• _MATERIAL FOR THIS TASK_
_ _ _

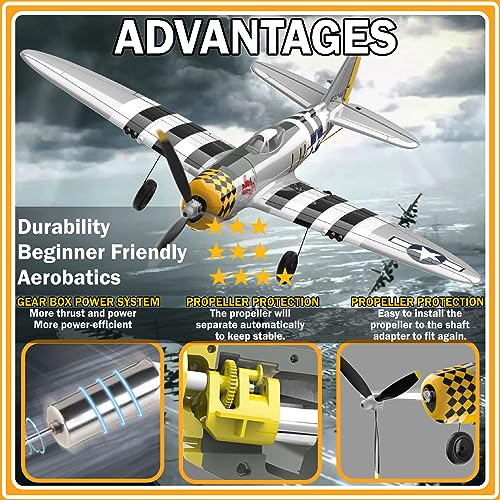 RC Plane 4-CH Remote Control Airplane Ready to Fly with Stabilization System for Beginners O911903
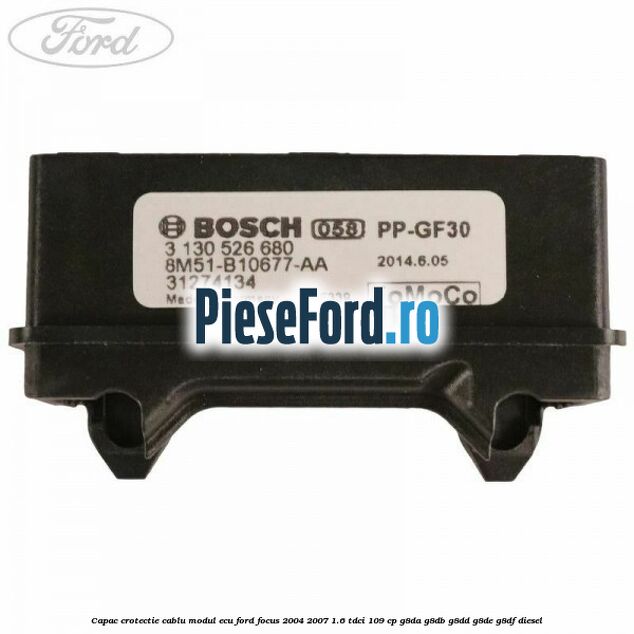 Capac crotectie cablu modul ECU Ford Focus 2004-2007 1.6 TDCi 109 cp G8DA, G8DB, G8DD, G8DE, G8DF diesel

_ _ _

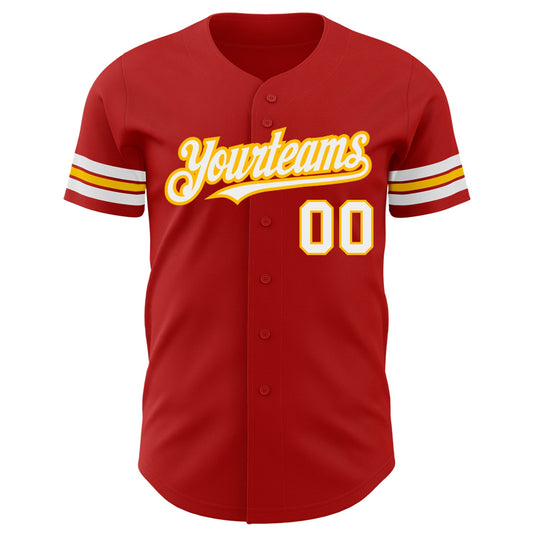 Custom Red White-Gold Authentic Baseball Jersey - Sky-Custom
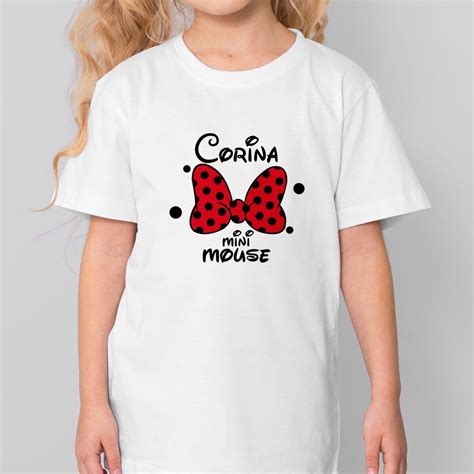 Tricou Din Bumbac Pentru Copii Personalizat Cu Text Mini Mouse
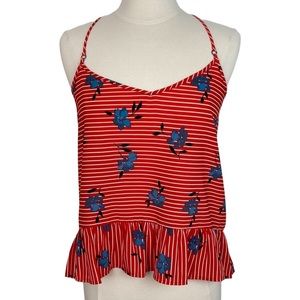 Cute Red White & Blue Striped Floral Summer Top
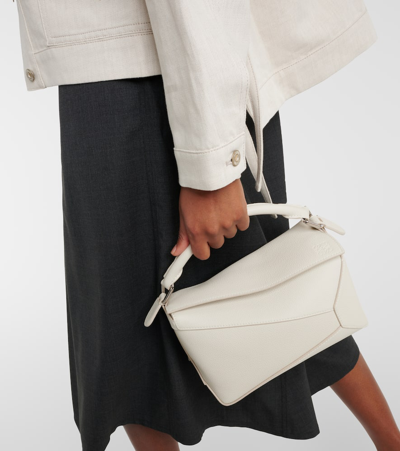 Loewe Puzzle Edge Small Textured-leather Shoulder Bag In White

_ _ _

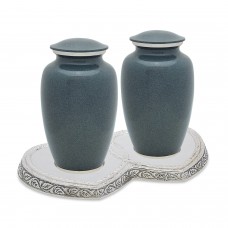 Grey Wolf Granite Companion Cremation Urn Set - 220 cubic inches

_ _ _

• _INSTRUCTIONS TO FOLLOW_
Write out exactly the run of lines above that starts at the line containing "RC Plane 4-CH" and ends at the line containing "Capac crotectie cablu". Include both, and leave the pictures out.

• _SOLVED PROBLEM_
 RC Plane 4-CH Remote Control Airplane Ready to Fly with Stabilization System for Beginners O911903
 Capac crotectie cablu modul ECU Ford Focus 2004-2007 1.6 TDCi 109 cp G8DA, G8DB, G8DD, G8DE, G8DF diesel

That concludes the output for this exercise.